Walnut Grove’s Morgan Mark set to swim in Hawaii

When the time came to pick a university, it was a fairly easy decision for Morgan Mark.

Having spent lots of time in Hawaii for family vacations, Mark chose to attend the University of Hawaii at Manao.

“I have a lot of happy memories from there,” she said.

“I feel at home when I am there (so) it is not going away from home too much.”

The 18-year-old, who graduated from Walnut Grove Secondary in June, will swim for the Rainbow Wahine.

She had considered the University of New Mexico, but ultimately chose Hawaii.

Mark is excited — and nervous — for what awaits, but is ready for the challenges and rigors of competing at the university level.

She began swimming at age seven, first with a club in Cloverdale, and then with the Langley Olympians Swim Club when the family moved to Langley.

Joining the Olympians was one of the catalysts of her swim career.

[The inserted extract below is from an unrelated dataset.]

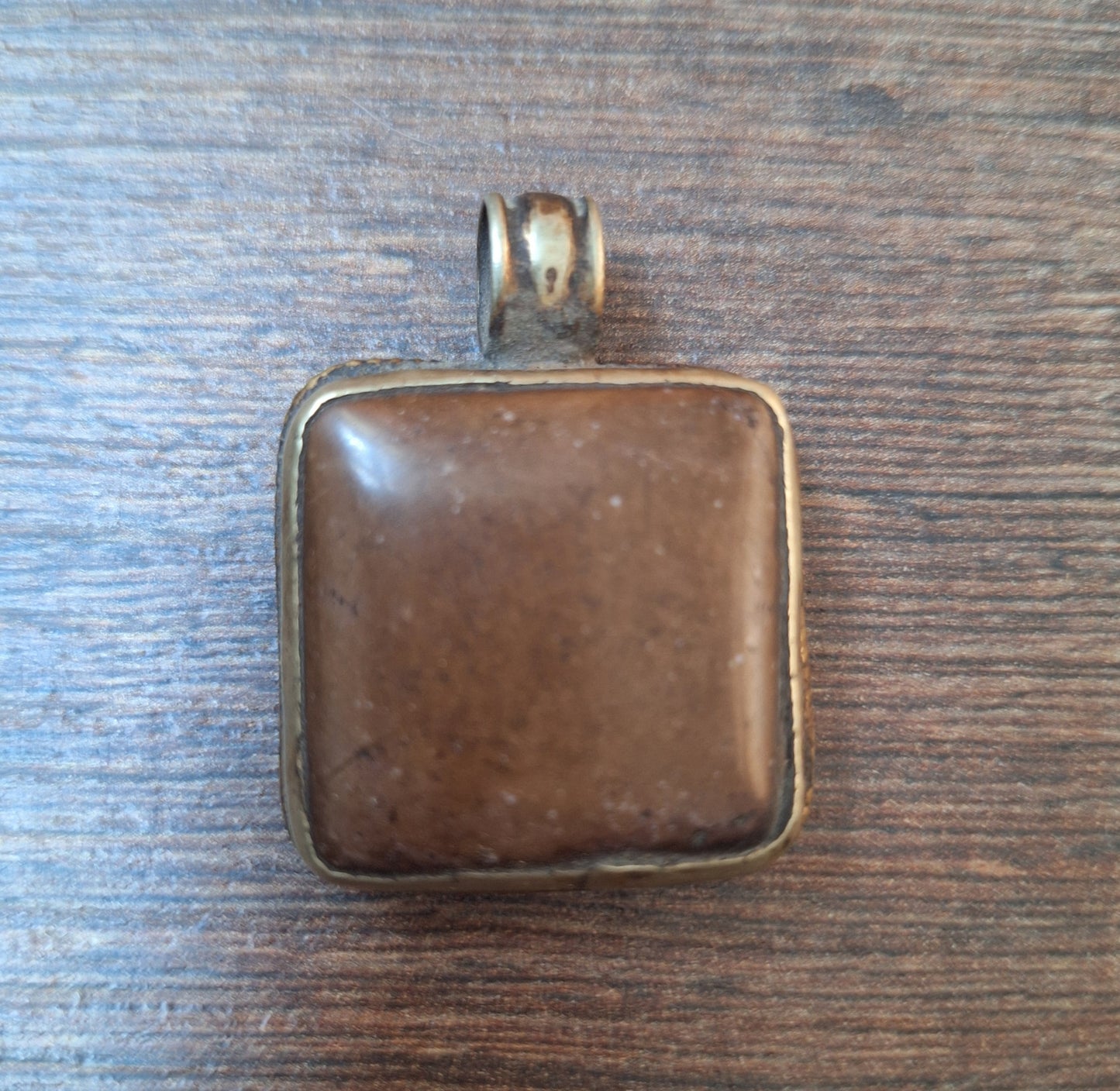 Vintage Tibetan silver and stone pendant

“It was huge and a shock to me,” she said about the increased time requirements that an elite program such as this required.

“That was a really good foundation for the start of my swimming career.

“It taught me mental toughness, mental strength.”

She switched to UBC’s age group international program two years ago under coach Tom Rushton, which required not only the commute to Vancouver for training, but daily five-hour sessions.

“That opened a lot more doors,” she explained in regards to competing internationally and just seeing a different type of training.

Mark also played water polo and eight years of karate growing up.

The latter “taught me a lot of discipline and taught me to focus,” she said.

“When I was little, I was full of energy and bounced off walls.”

Swimming won out in the end.

“You can’t do all the sports, and I was succeeding more in swimming and I could see myself in that,” she said. “There was a future in swimming.”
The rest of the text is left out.